### Dataset extract
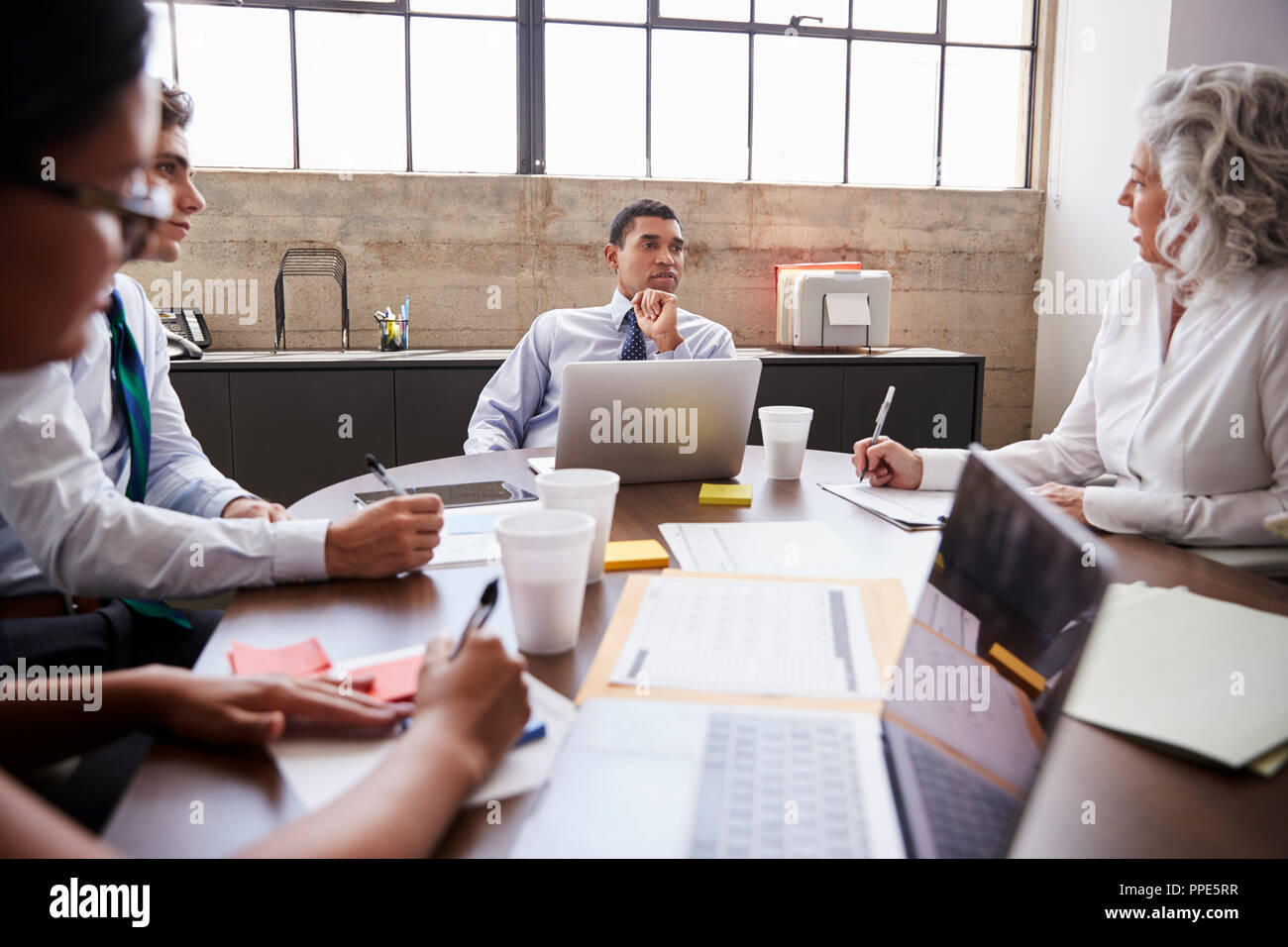 Business Team in einem Konferenzraum Brainstorming Stockfoto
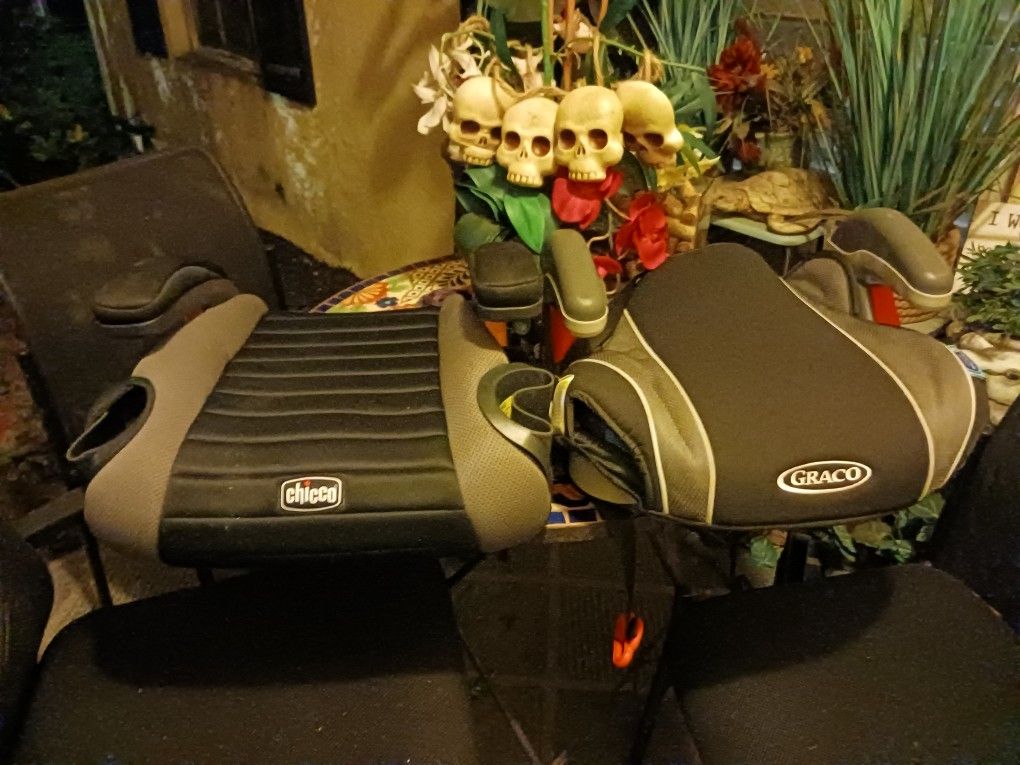 2 LIKE NEW CHICCO AN GRACO BOOSTER SEATS CARSEATS 10 EACH LOOK MY POST TONS ITEMS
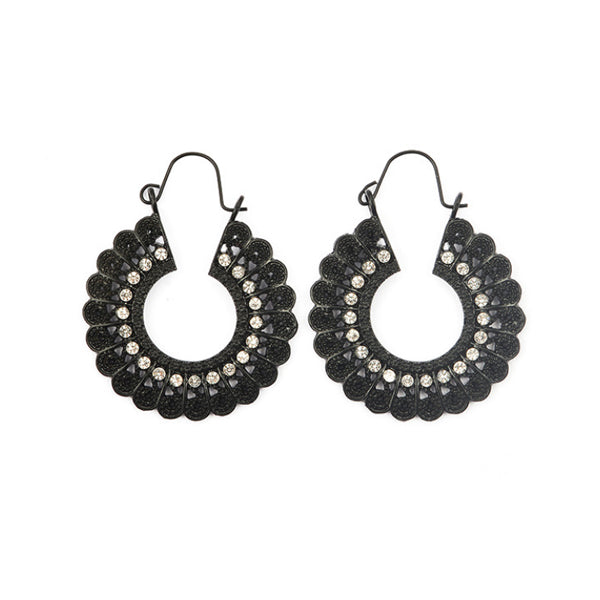 Pendientes de mujer de estilo étnico tallados huecos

### Exercise details
The expected output is an exact retyping of the lines from the line with "2 LIKE NEW CHICCO" through the last line of the data, with both ends kept and the pictures dropped.

### Solution to the exercise
 2 LIKE NEW CHICCO AN GRACO BOOSTER SEATS CARSEATS 10 EACH LOOK MY POST TONS ITEMS
 Pendientes de mujer de estilo étnico tallados huecos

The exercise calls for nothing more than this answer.